- Klatsch
-
Klatsch ist eine Form der gesellschaftlichen Unterhaltung, bei der absichtsvoll Informationen über nicht anwesende Personen ausgetauscht werden. Neben der Bedeutung ‚trivial‘ steht Klatsch aber auch ausdrücklich für ‚Gerücht‘, also Unbelegbares, bis hin zu beabsichtigt Falsches. Dies unterscheidet ihn vom Tratsch, der eher zielloses Schwatzen und Erzählen bezeichnet. (Daher auch das unterscheidende „und“ in der Redensart „Klatsch und Tratsch“.) Der englische Begriff Gossip wird inzwischen auch im Deutschen benutzt, häufig im Zusammenhang mit internationalen Berühmtheiten, und eher mit einer freundlich-harmlosen Konnotation.

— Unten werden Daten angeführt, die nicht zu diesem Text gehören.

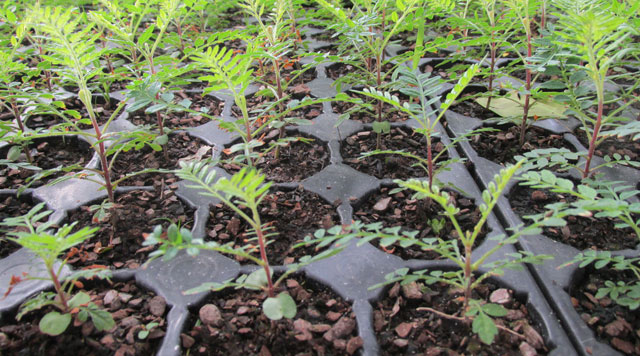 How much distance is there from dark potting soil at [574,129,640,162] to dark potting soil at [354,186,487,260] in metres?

In vielen Kulturen, etwa im Judentum, wo er als Lashon hara bezeichnet wird, gilt Klatsch als ein ernstes Vergehen.[1] So straft Gott Mirjam, als diese ihren Bruder Mose wegen dessen kuschitischer Frau verklatscht, mit Aussatz.[2]
Inhaltsverzeichnis
Sozialwissenschaftliche Ansätze
Die Ethnologie und Soziologie, insbesondere die Sozialpsychologie, beschäftigen sich mit dem Thema Klatsch, seinen Kommunikationsformen, seiner sozialen Funktion und gesellschaftlichen Rezeption. Namentlich im Umkreis oder unter Einfluss der Manchester School haben ihr Begründer Max Gluckman sowie J. Clyde Mitchell und Jörg Bergmann u. a. den Klatsch gründlich analysiert.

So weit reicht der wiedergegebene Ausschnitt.